Efendimiz, peygamberlik görevini üstlenmeden önce Arap Yarımadası'nda en geçerli olan şey, güzel konuşmak (hitabet) ve başta şiir olmak üzere güzel söz söylemekti. Çünkü insanların çok büyük bir çoğunluğu okuma yazma bilmediği için, değer verdikleri güzel sözleri ve gurur duydukları hâdiseleri şiir gibi güzel sözlerle muhafaza etmek zorundaydı. Bu yüzden kabileler içindeki şair ve hatipler (güzel ve tesirli konuşan kişiler), onların millî kahramanları gibi saygı görüyordu. Hatta bazı kavimler, şair veya hatiplerin bir sözü üzerine birbiriyle savaşır, bazen de onların tek bir sözüyle savaşa son verirlerdi. Bu arada şair ve hatip olan yedi kişinin kasidesi (şiiri) altın harflerle Kabe duvarına yazılmıştı. Ve Araplar onlarla büyük gurur duyuyordu, işte böyle bir zamanda Kur'an nazil oldu. (Allah tarafından gönderildi.) Ve bütün edipleri (şair ve hatipleri) îmana davet ettikten sonra, Kur'andaki âyetlerle boy ölçüşmeye çağırdı. Ancak bu ediplerden hiçbiri, Kuran âyetleriyle yarışamadı ve ona karşı mağlup olarak sesini kısmak zorunda kaldı. Hatta şiirleri altın harflerle Kabe duvarına yazılmış olan Lebid adlı bir edibin kızı: "Kur'ana karşı bu yazıların hiç bir değeri kalmadı" diyerek, babasının şiirini bizzat kendi elleriyle Kabe duvarından indirdi.
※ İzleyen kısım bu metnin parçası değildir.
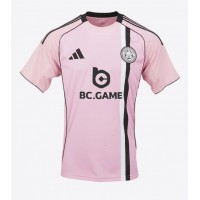 Leicester City Issahaku Fatawu #7 Replica Third Shirt 2025-26 Short Sleeve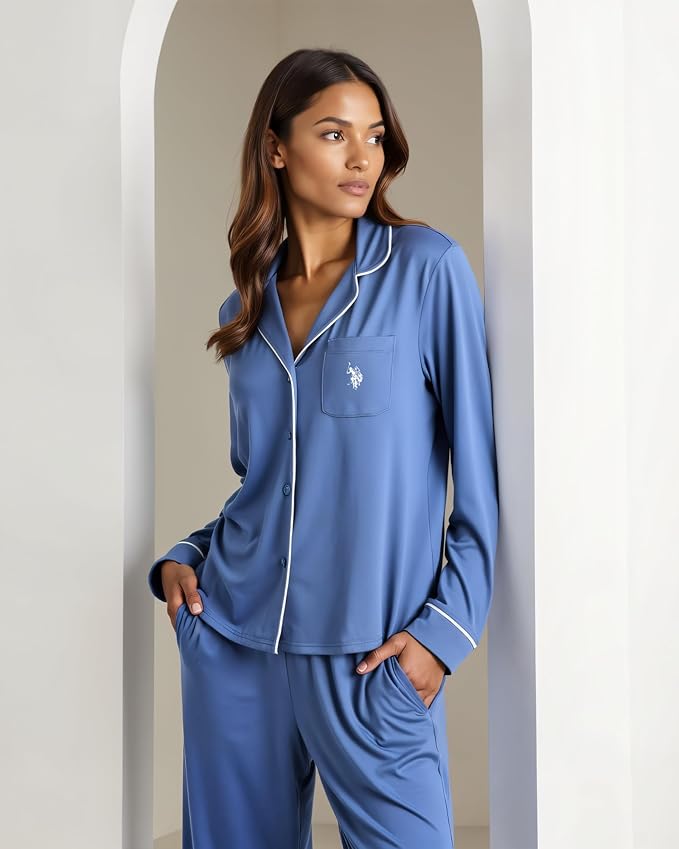 Pants Pajama Set - Long Sleeve - 2 Piece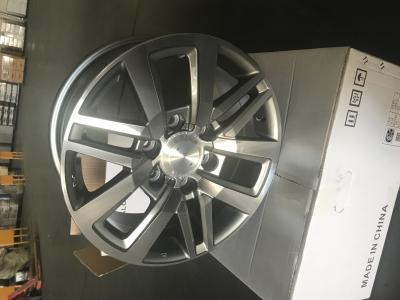 Chine Trou de la roue 5 d'alliage d'aluminium de T0YOTA 15X7.0 17X7.5 20X8.5 22X9.0 18X9.0 avec plein KIN-8361 peint à vendre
Kur'an, bütün bu kâinatı (evreni) yaratan Rabbimizin kelâmı (sözü) olduğu için, hiçbir zaman yanılmadı. Kur'anda yazılan herşey, bu güne kadar doğru çıktı. Ve 1400 sene önce nazil olmasına rağmen, her geçen gün daha da tazelenerek kendini ispatladı. İster âlim olsun isterse câhil, onu dinleyen herkes, Kuranın bütün yazılanlardan farklı ve güzel olduğunu hemen anlıyordu. Çünkü o insanların değil, insanları ve bütün kâinatı yaratan Rabbimizin sözleriydi. Diğer peygamberlerin mukaddes kitapları olan Tevrat ve İncil, insanlar tarafından, defalarca değiştirilmesine rağmen, Kur'an'ın tek bir harfine bile dokunulmadı. Çünkü Allah, (Peygamberimizi koruduğu gibi) Kur'anı da bizzat kendisinin koruyacağını (yani ona hiç kimsenin dokunamayacağını) belirtiyordu.
Değerli kardeşlerim.
Bildiğiniz gibi, eczaneden ilaç aldığımızda ilk yaptığımız şey, o ilaç kutusu içinde yazılanları okumaktır. Çünkü şifa bulmak ve dertlerimizden kurtulmak için, o ilacı yapan firmaların tavsiyelerine kulak vermek gerekir.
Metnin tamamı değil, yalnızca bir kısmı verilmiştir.